South Sudan: Interview with Paul Oleyo Longony, Boma Community Initiative
As South Sudanese vote on becoming an independent state, in what has internationally been billed as a “new dawn” and “new chapter in history” for the long-suffering and neglected South, ethnic minority communities harbour guarded optimism.
MRG’s Africa Regional Information officer, Mohamed Matovu, talked to Paul Oleyo, the Executive Director of Boma Community Initiative (a Sudanese organisation working on peace-building based in Boma, Jonglei State , South Sudan) on the situation for minority communities in the South amidst the referendum vote.
What is the situation like as people cast their ballot?
I am in Boma and have just finished casting my vote. The situation is calm and there’s a high voter turnout. By end of the day yesterday about 15,000 people turned up in Boma alone and the queues are still long, going into day two of the referendum.
Have members of minority communities embraced the exercise with as much enthusiasm?
Unfortunately not. Firstly, because many of them have systemically been excluded from political participation over time, many don’t really know what is happening right now or its implications for their situation. Secondly, many of them live in ‘hard to reach’ areas and because there were no provisions for vehicles or other transport means to carry ballot papers, many will sadly not participate. Thirdly, due to inter-ethnic clashes, some community members fear it is not safe for them to move to some voting centres.
Is this security scare a spill-over of the violent episodes that have been reported in the disputed Abyei region?
No doubt. Moving forward, it’s as if the referendum result is a foregone conclusion. However, tension is now rising regarding the ownership of Abyei and this situation is not helped by self-seeking politicians who are playing the ethnic card to incite violence. For instance, the Government of South Sudan is accused of supporting the Dinka in Abyei to vote in favour of joining the South while the Khartoum government is accused of supporting the Missseriya, Arab nomads who claim grazing rights for their cattle in Abyei, to vote in favour of joining the North. The result has been those clashes you read about in the media and there may be more if the situation is not handled intelligently.
Logistical challenges notwithstanding, do minority communities involved in the referendum exercise share in the optimism that this is a new day for them or their communities?
One thing for sure is that minority communities were not sensitised as they ought to have been. But after several decades of leadership from the North in which they didn’t see their situation change at all, many know things are going to change. How much? Nobody knows.

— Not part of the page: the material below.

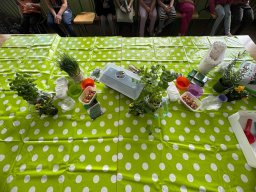 48746270811252625394016933505475840647940054n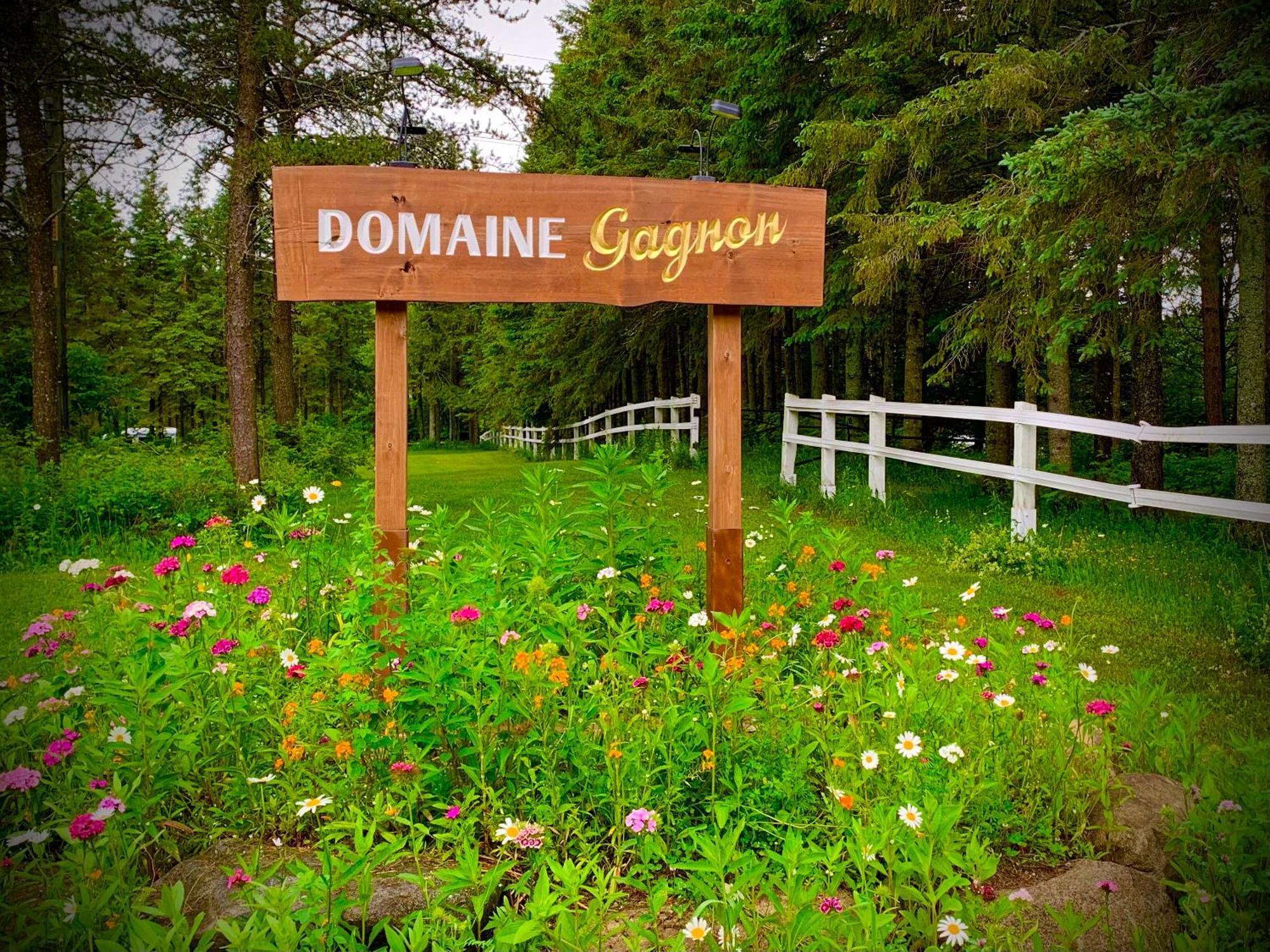 Domaine Gagnon Villa Saint Sebastien ภายนอก รูปภาพ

Was there no national conversation at all in the run up to the referendum regarding how minorities in the South want to be governed?

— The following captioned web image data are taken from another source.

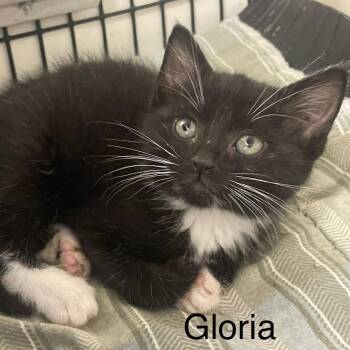 Gloria -  Domestic Short Hair Cat for Adoption in Kingman, Kansas - Gloria | PetCurious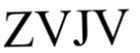  ZVJV
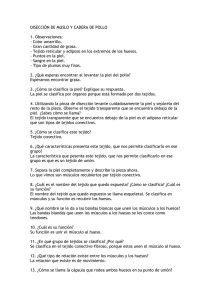 DISECCIÓN DE MUSLO Y CADERA DE POLLO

That is the unfortunate bit. There was not enough time to talk about post-referendum governance issues. The political tide, including the international community, was obsessed with the referendum. How we move from the referendum or how we share political and economic resources will be another thorny issue which many critics have predicted might throw us back into ethnic clashes.
Isn’t there is a real chance of minorities getting a raw deal in a newly independent South State?

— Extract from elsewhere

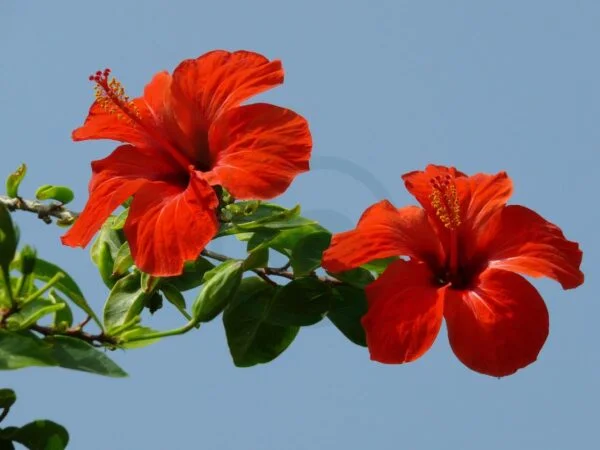 How Much Sun Do Hibiscus Plants Need: Ultimate Care Guide
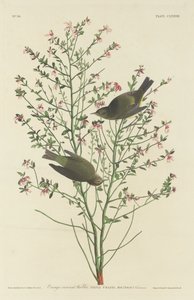 Oranssikruunuinen hirvi, 1833. tekijältä Robert Havell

It is too early to say, especially when you look at the current governance structure of the Government of South Sudan, which has three minority community representatives. Of course our issues as minorities go beyond three representatives and our strategy is to engage the new government with a dossier of minority communities’ minimum demands immediately after the referendum.
As a member of the civil society, what are some of these minimum demands you’ll put before the new government?
As civil society, we feel minorities crucially need access to basic services. Right now most minority communities in the South access basic services from Boma town which is very far from where many of them live. We need roads, health services, education facilities as well as equitable distribution of the national resource envelope.